┌────────

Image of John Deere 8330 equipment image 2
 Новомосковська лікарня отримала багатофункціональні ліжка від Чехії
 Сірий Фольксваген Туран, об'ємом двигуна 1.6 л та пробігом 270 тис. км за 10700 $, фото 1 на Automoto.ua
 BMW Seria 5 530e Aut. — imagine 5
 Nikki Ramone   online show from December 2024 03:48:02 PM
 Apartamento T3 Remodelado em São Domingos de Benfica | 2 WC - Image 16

└────────

In the entries above, find every line with the word "Image" and list it.

Image of John Deere 8330 equipment image 2
 Apartamento T3 Remodelado em São Domingos de Benfica | 2 WC - Image 16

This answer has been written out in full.